◆ What is required ◆
Reproduce the lines below verbatim. Pictures are to be omitted.

◆ Information shown ◆
▼
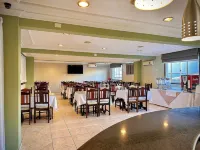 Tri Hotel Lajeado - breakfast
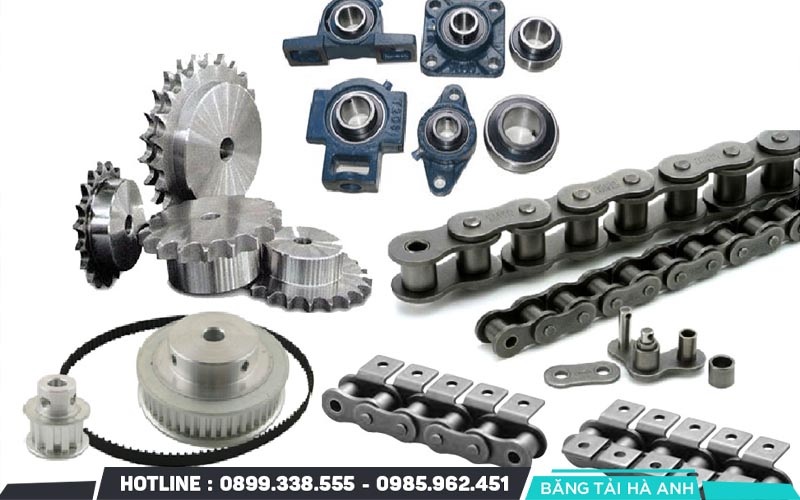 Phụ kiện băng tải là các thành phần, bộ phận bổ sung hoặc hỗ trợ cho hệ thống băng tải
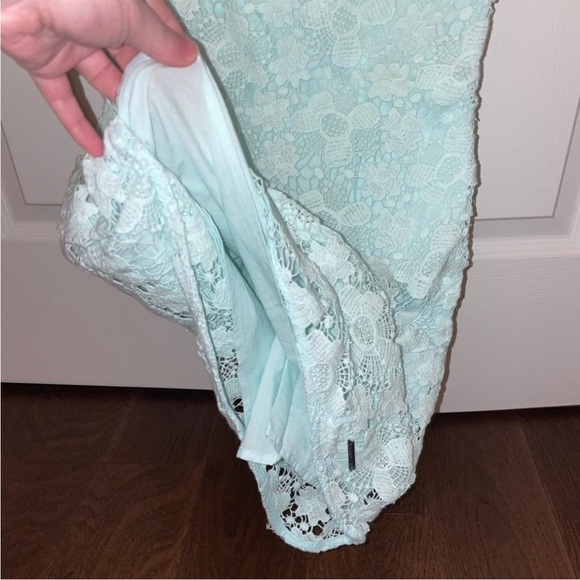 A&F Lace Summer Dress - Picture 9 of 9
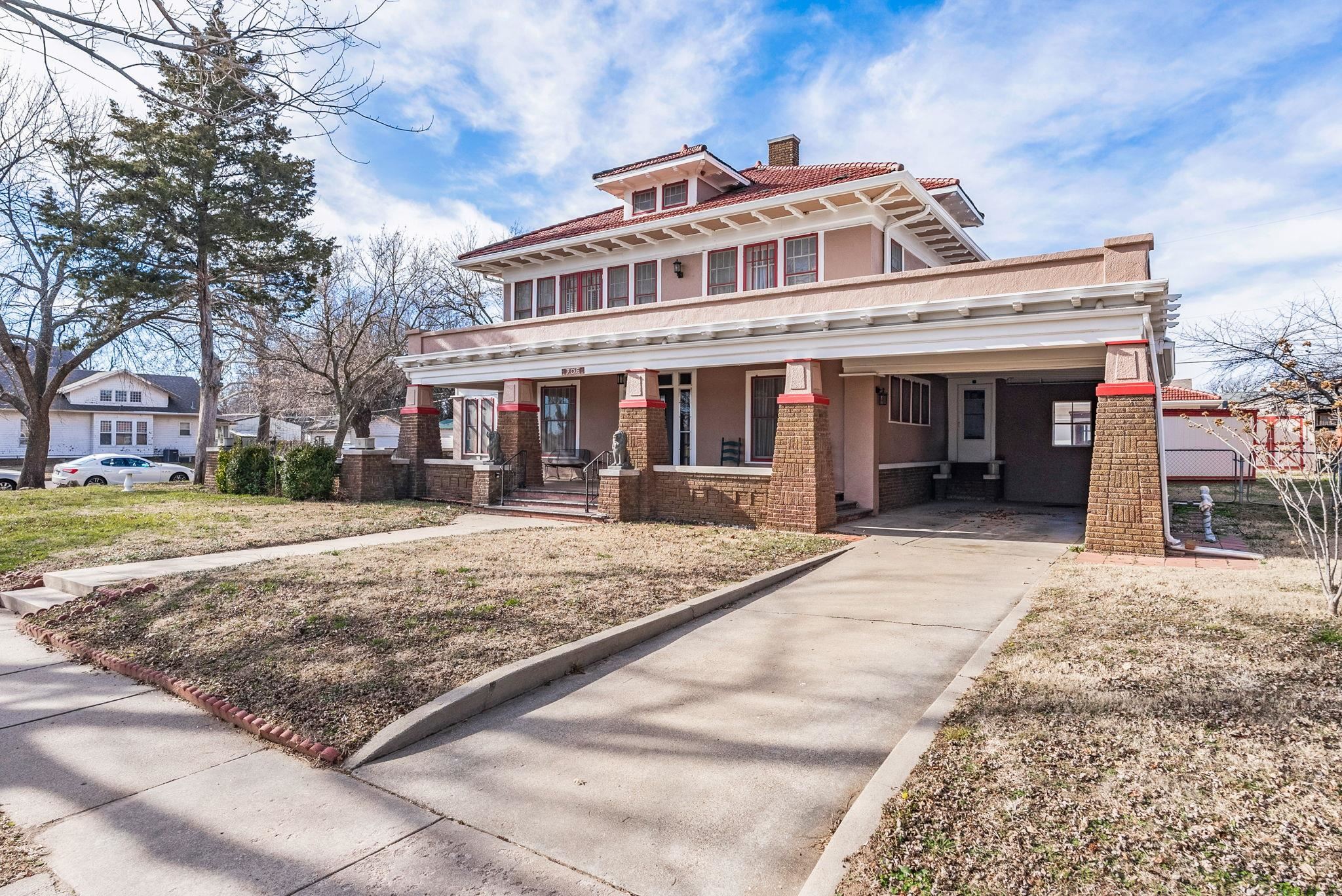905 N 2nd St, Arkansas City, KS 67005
▲
◆ Task answer ◆
 Tri Hotel Lajeado - breakfast
 Phụ kiện băng tải là các thành phần, bộ phận bổ sung hoặc hỗ trợ cho hệ thống băng tải
 A&F Lace Summer Dress - Picture 9 of 9
905 N 2nd St, Arkansas City, KS 67005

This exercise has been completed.